Unfortunately most of the inhabitants of the little coastal village in County Sligo where the film takes place throw this redemption right back in the priest’s face. I’ve seen few films that depict a more cynical, disaffected, resentful community than Calvary: even before the fateful final day, Father James is ridiculed, abused, even beaten; his church is burnt down and his dog is killed. It is as if his attempts to do good by his parish, in ways that are far from sanctimonious or preachy, rile those around him. They seem to have become so comfortable in their jadedness that the priest’s actions affront them. There’s more than a touch of High Noon as Father James comes face to face with the indifference and disdain of his parishioners, not so much to ask for help but to assert who he wants to be: a good man and a good priest. He briefly considers but ultimately rejects both leaving before the week is over and arming himself in self-defense, facing his probable death with grim defiance.

Writing and rereading all of this, I find myself puzzled: in the abstract, it’s impossible not to find Father James’ decisions less defiant than stubborn to the point of pride and stupidity. At one point he talks to his daughter about what he calls the hackneyed Christian proverbs: “Turn the other cheek”, “Judge not, let ye be judged”, yet what he does isn’t just turning the other cheek but walking into the path of a clenched fist. Does he want to die? Does he believe his death would be a statement of his faith, as much as his would-be killer thinks it will be a statement on the corruption of the Church or God’s inherent unfairness? Yet, while watching the film I didn’t think any of these thoughts: Gleeson’s performance provides a coherence, an intellectual and moral integrity that I’m not sure the script quite musters. He turns the story from high concept to something more tangible and affecting, making Father James’ fate the tragedy of a good man rather than that of a stubborn idiot. Gleeson is Calvary‘s not-so-secret weapon, but it is one that finally works against the film in unintended ways, highlighting its shortcomings: his performance is so moving and compelling that it distracts us from the fact that his actions are barely examined. Thinking about the film after the fact, there’s a fascinating story here of a faith pursued to self-annihilation, a faith that fails to help others, but Gleeson’s performance throughout convinces us that Father James is a good man doing the right thing. Except when the inevitable occurs, the feeling we’re struck with is that of senselessness. If the priest did the right thing, why does the ending feel so sadistic and pointless? If Calvary is tragedy, it finally is so in the Lars “Breaking the Waves” von Trier sense, where suffering seems to be its own redemption, and that’s not a tale I much care for. The film offers a brief epilogue that ties back to Father James’ words to his daughter about forgiveness being a “highly underrated” virtue. This is the only visible legacy left behind by Father James – yet what good is forgiveness if it came at the price of a preventable murder, an unnecessary deathThink about it: he could have prevented not only his own death but his killer becoming a murderer.
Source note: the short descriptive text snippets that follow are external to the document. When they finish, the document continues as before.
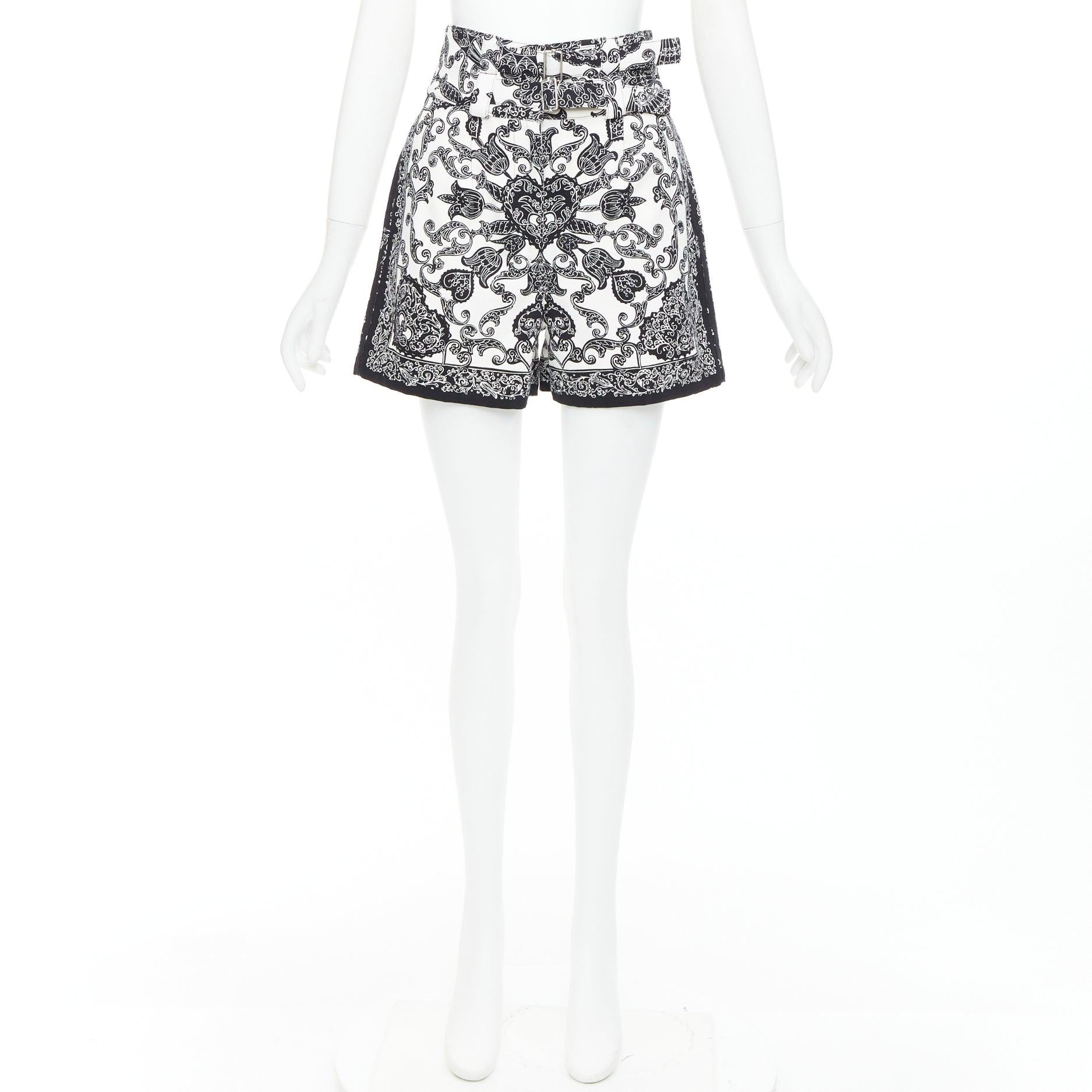 CHRISTIAN DIOR short à double ceinture en mouchoir de coton noir et blanc FR34 XS en vente 4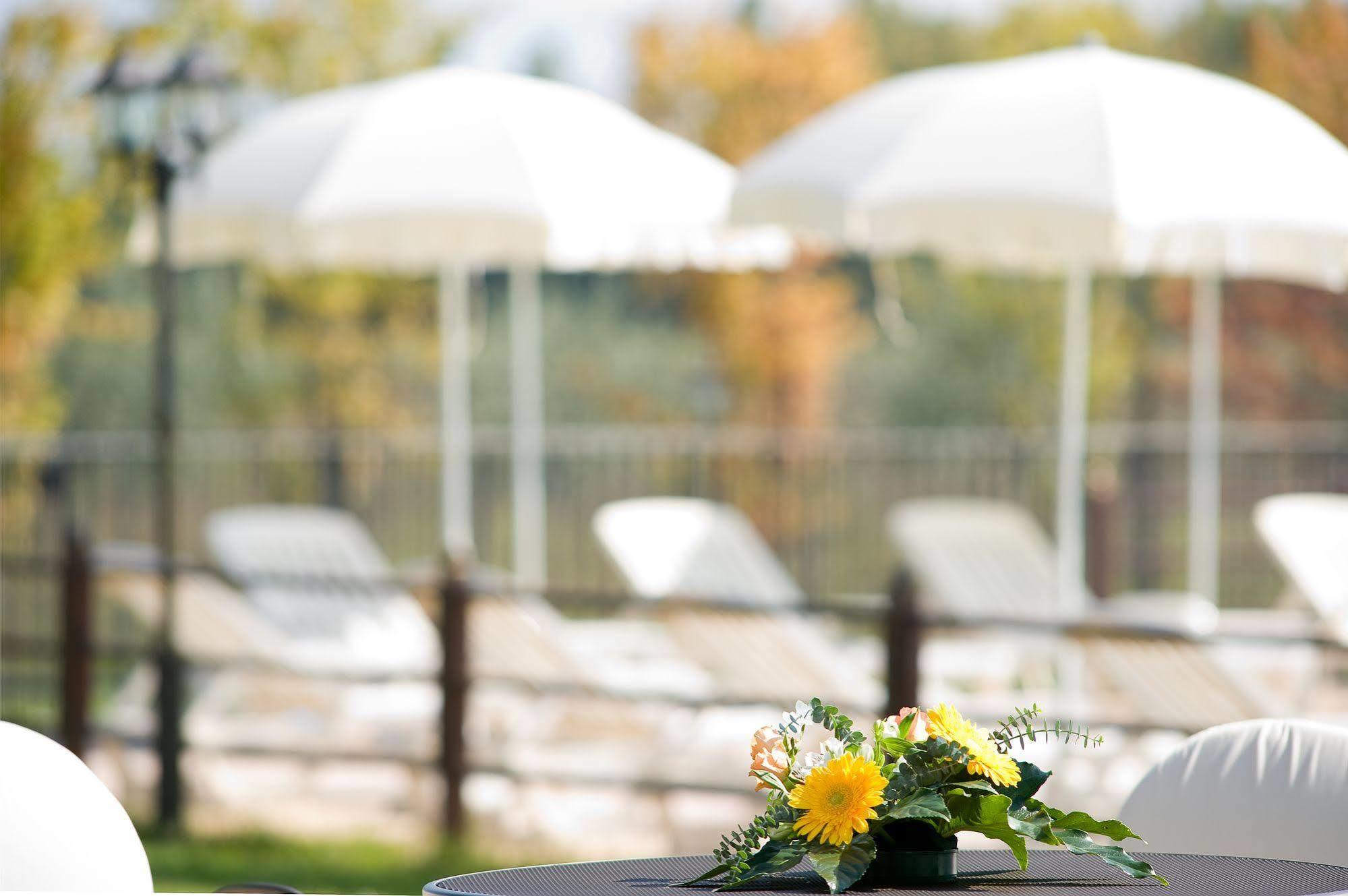 Agriturismo Le Rondini Di Francesco Di Assisi Cannara ภายนอก รูปภาพ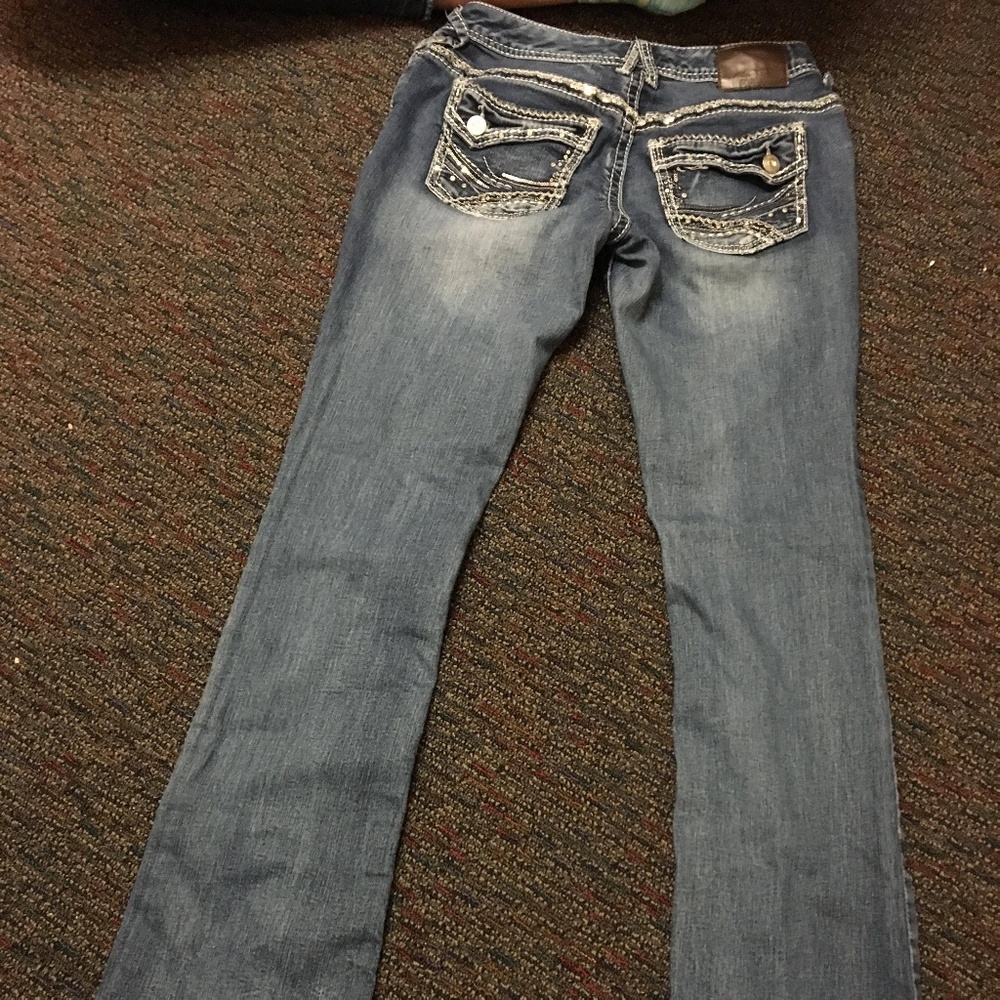 Jeans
All of these questions I’m left with: they can be interesting, morally and spiritually, yet in the end Calvary doesn’t seem all that interested in examining them. It has a fantastic, poignant, deeply human performance at its centre, but it’s a performance that ends up eclipsing the story the film is actually telling, and the two are at odds: the character Gleeson is performing, with great conviction and to great effect, clashes with the implications of the story he’s in. While watching Calvary I felt for Father James throughout – but looking back at the film, I must admit I share some of the resentment his parishioners feel towards the priest and at the film for its manipulations. The priest accepts the twisted logic of his murderer-to-be for no reason other than that there wouldn’t be a film otherwise, and that’s not quite good enough. In the end it comes down to this: if you must martyr yourself to your faith, couldn’t you have chosen a death that isn’t as pointless?